• [ABOUT THIS TASK] A verbatim copy is needed of the lines below from the one containing "Vertically it's a" up to and including the one containing "Now we have", excluding pictures.

BEGIN SUPPLIED ENTRIES

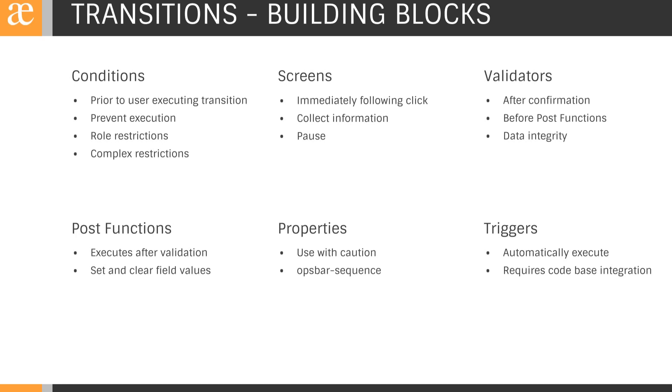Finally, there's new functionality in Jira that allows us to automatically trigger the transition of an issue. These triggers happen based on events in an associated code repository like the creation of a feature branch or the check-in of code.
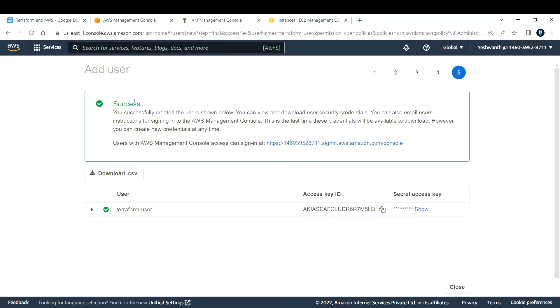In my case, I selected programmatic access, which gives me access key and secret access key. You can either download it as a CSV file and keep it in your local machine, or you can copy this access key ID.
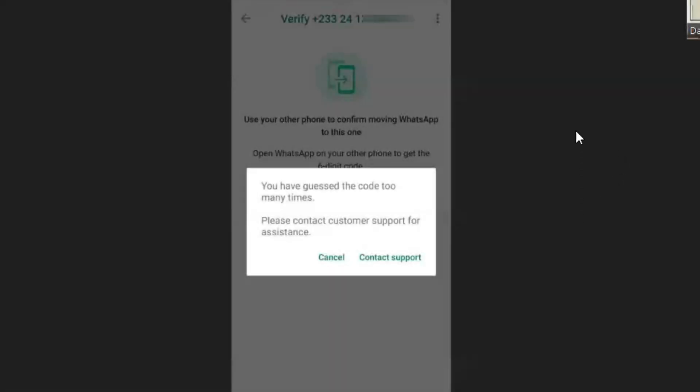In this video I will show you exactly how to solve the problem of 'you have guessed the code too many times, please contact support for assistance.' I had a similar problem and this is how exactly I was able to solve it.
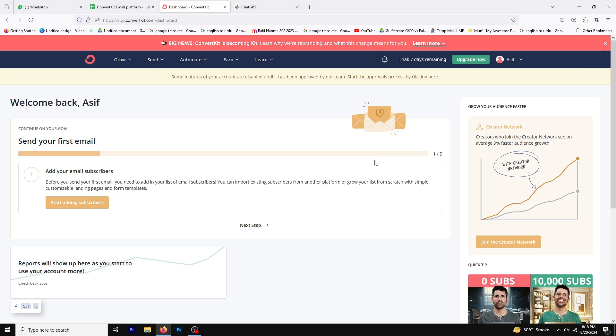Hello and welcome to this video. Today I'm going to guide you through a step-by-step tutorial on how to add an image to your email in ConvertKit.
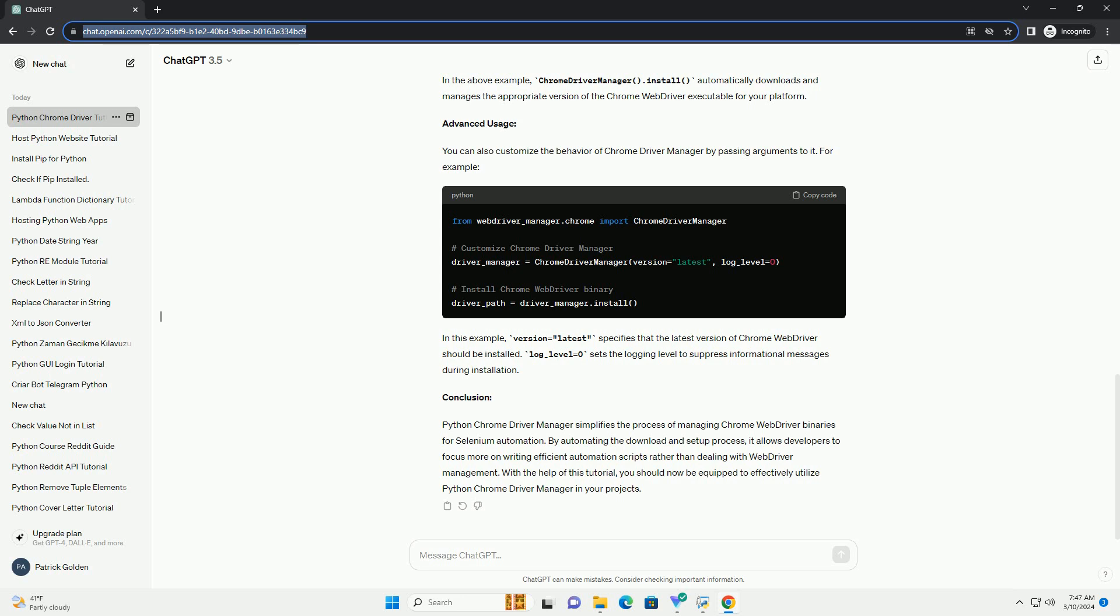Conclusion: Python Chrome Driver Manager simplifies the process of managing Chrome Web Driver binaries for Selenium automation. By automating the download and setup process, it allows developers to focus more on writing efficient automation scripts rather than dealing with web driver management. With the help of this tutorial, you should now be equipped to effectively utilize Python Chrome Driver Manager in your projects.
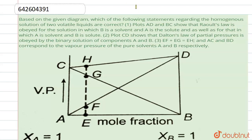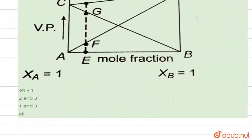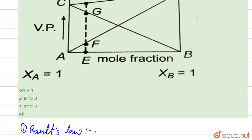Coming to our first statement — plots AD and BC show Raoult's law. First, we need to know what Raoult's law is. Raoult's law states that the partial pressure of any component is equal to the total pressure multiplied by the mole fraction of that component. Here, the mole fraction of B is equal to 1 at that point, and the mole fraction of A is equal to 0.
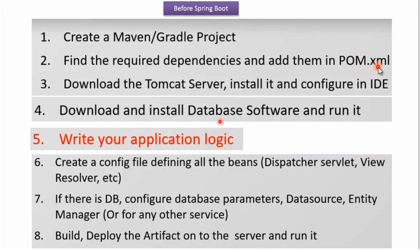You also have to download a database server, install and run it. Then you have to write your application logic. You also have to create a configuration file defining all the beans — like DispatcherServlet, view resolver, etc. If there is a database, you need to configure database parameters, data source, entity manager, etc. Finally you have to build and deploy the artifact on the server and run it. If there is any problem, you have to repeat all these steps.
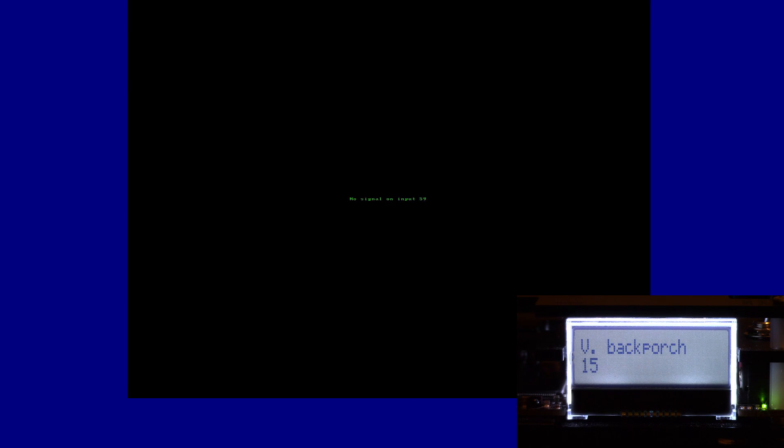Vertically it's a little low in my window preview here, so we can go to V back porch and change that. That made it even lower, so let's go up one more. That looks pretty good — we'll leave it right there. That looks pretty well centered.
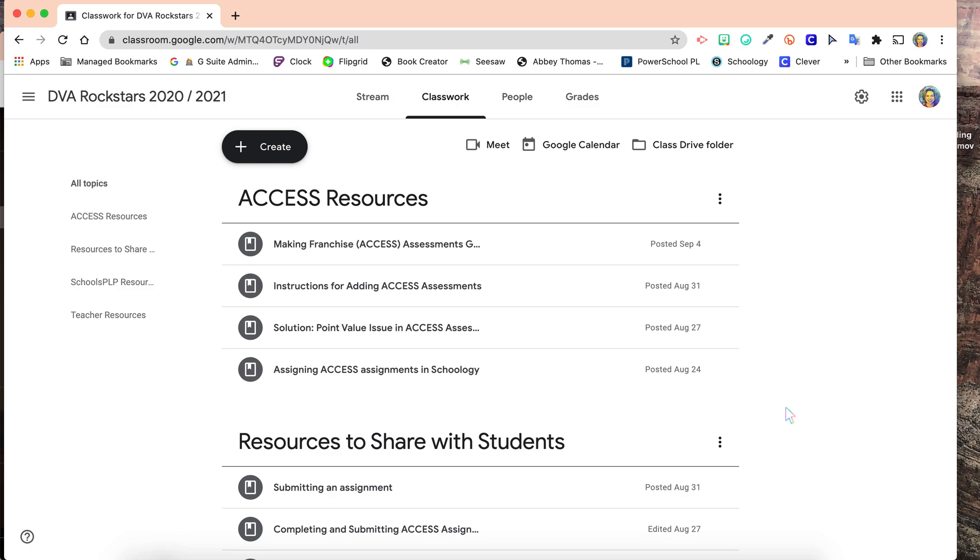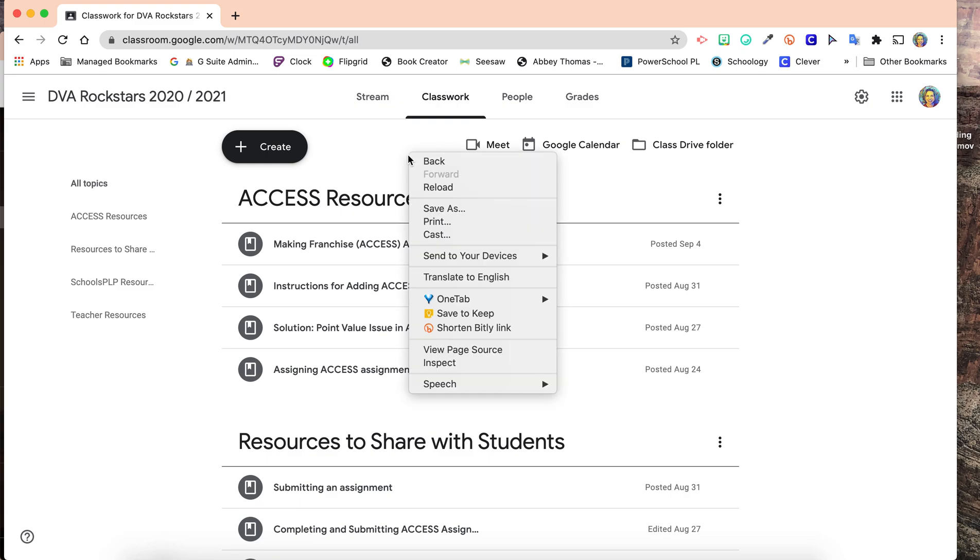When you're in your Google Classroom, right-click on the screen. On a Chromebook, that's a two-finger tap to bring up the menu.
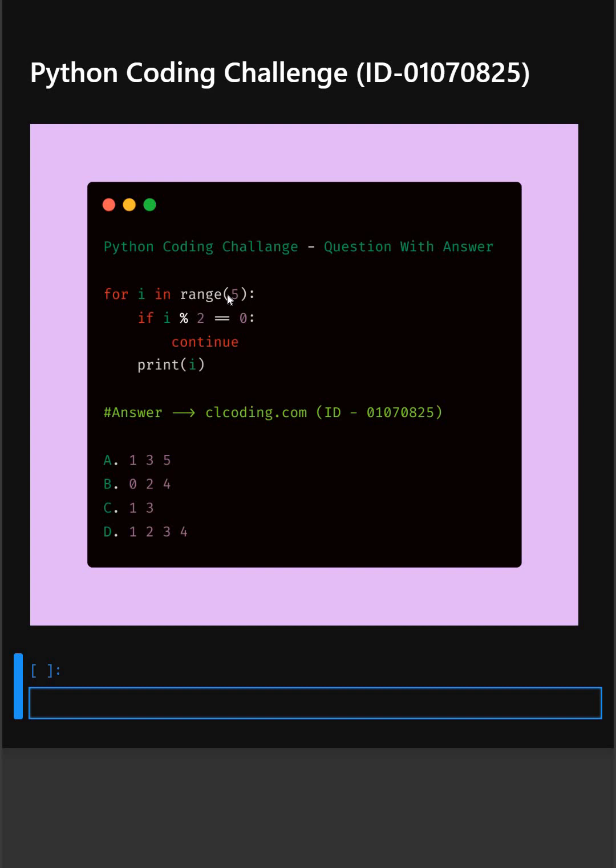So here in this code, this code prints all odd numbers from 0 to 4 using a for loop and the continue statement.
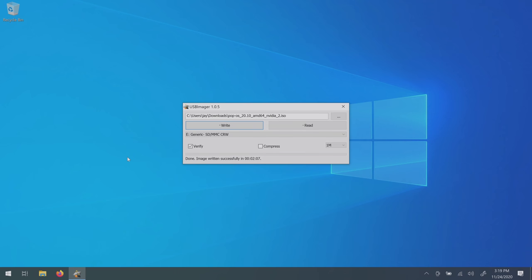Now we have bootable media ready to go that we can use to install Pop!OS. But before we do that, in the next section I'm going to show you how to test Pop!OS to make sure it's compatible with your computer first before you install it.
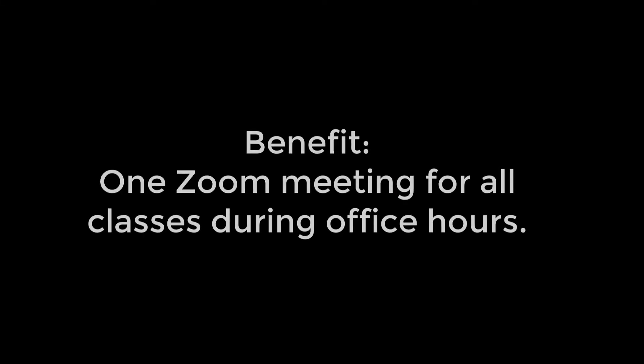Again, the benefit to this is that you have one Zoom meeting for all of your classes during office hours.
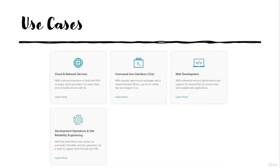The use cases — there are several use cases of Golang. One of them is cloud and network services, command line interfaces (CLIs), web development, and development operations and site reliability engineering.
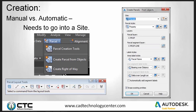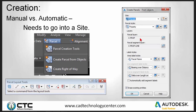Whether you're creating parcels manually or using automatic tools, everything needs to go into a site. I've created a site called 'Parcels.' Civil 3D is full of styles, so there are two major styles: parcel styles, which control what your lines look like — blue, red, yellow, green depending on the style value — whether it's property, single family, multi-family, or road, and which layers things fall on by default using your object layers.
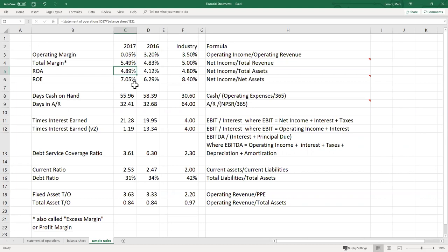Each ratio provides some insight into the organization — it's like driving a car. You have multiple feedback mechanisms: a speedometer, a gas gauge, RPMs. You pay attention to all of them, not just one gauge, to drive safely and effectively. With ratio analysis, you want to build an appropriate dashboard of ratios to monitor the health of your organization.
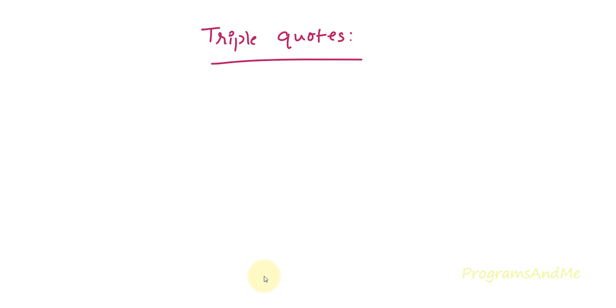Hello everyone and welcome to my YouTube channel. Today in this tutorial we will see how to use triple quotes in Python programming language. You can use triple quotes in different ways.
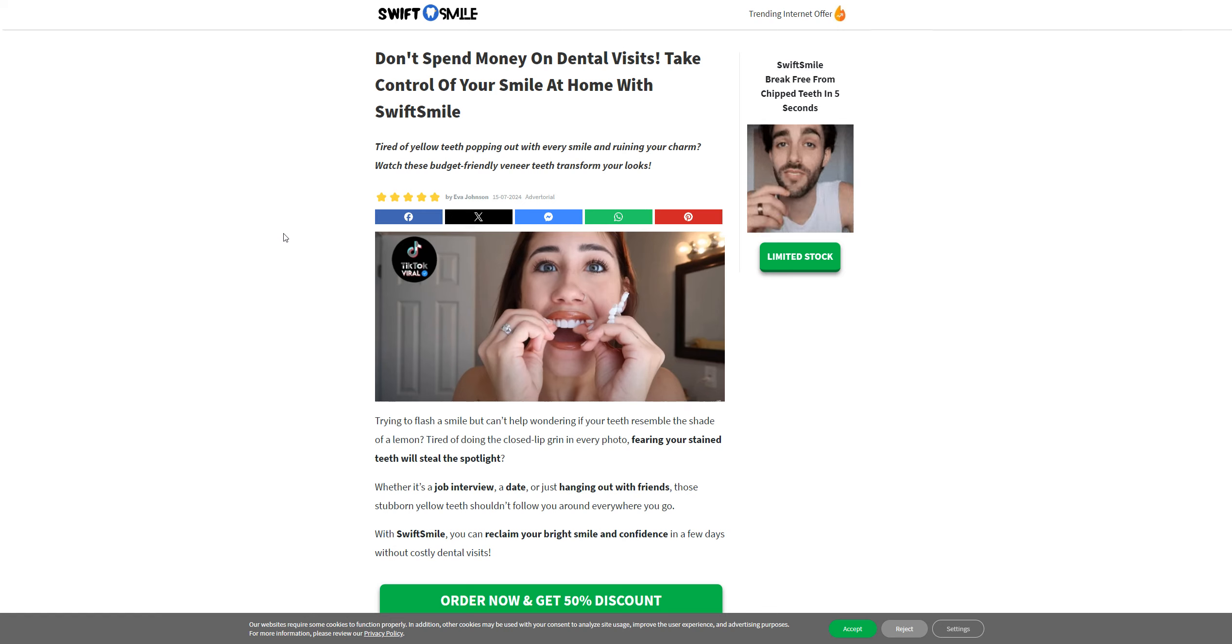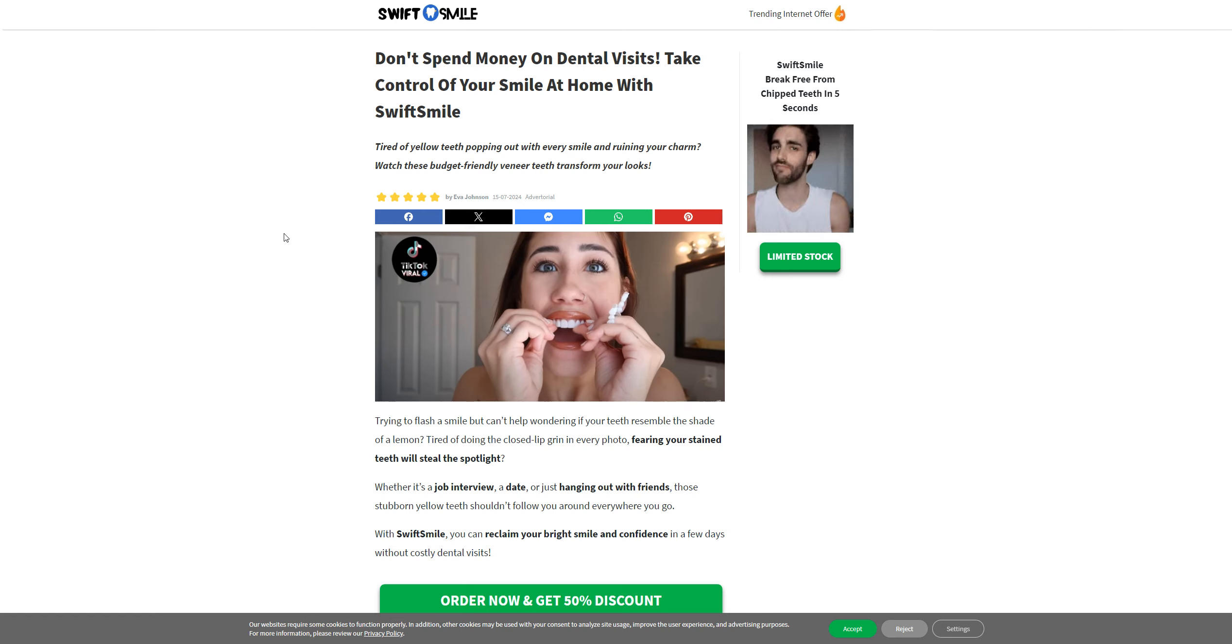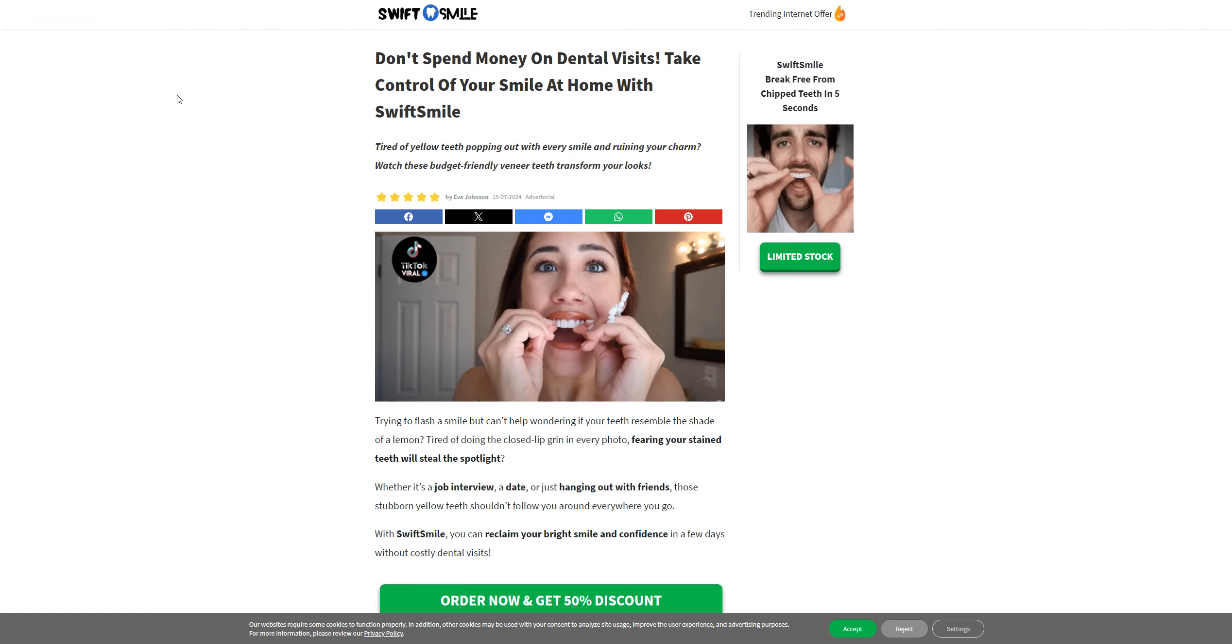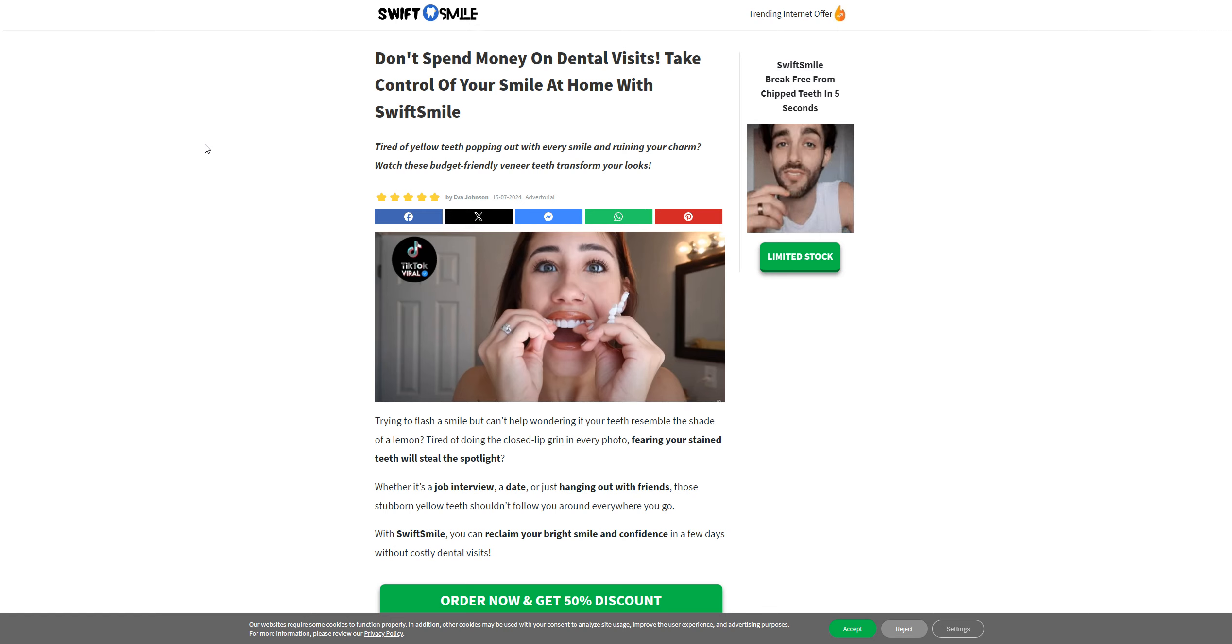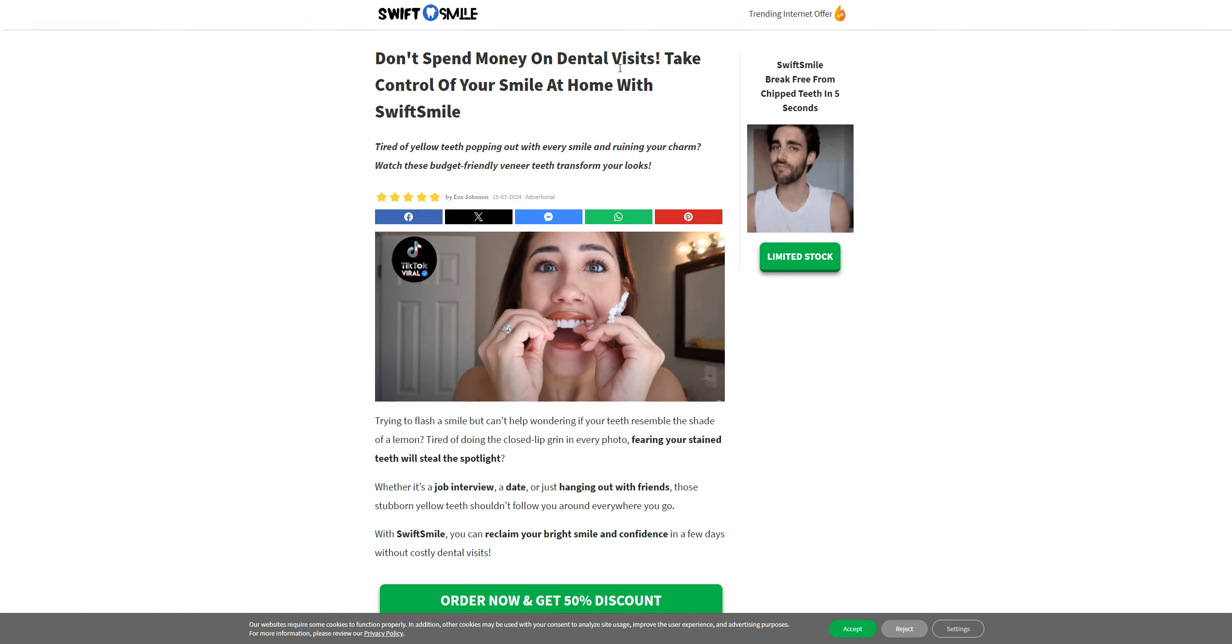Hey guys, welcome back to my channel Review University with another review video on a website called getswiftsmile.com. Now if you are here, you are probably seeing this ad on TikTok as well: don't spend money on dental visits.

END SUPPLIED ENTRIES

• [RESPONSE TO THIS TASK]
Vertically it's a little low in my window preview here, so we can go to V back porch and change that. That made it even lower, so let's go up one more. That looks pretty good — we'll leave it right there. That looks pretty well centered.
When you're in your Google Classroom, right-click on the screen. On a Chromebook, that's a two-finger tap to bring up the menu.
So here in this code, this code prints all odd numbers from 0 to 4 using a for loop and the continue statement.
Now we have bootable media ready to go that we can use to install Pop!OS. But before we do that, in the next section I'm going to show you how to test Pop!OS to make sure it's compatible with your computer first before you install it.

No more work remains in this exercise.